PROBLEM TO SOLVE | Could you write out all of the data again, word for word?

SUPPLIED DATA |
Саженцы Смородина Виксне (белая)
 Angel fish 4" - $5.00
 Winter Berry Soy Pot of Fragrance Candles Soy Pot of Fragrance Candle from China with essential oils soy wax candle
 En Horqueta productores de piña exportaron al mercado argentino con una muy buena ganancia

RESPONSE FOR THIS EXERCISE |
Саженцы Смородина Виксне (белая)
 Angel fish 4" - $5.00
 Winter Berry Soy Pot of Fragrance Candles Soy Pot of Fragrance Candle from China with essential oils soy wax candle
 En Horqueta productores de piña exportaron al mercado argentino con una muy buena ganancia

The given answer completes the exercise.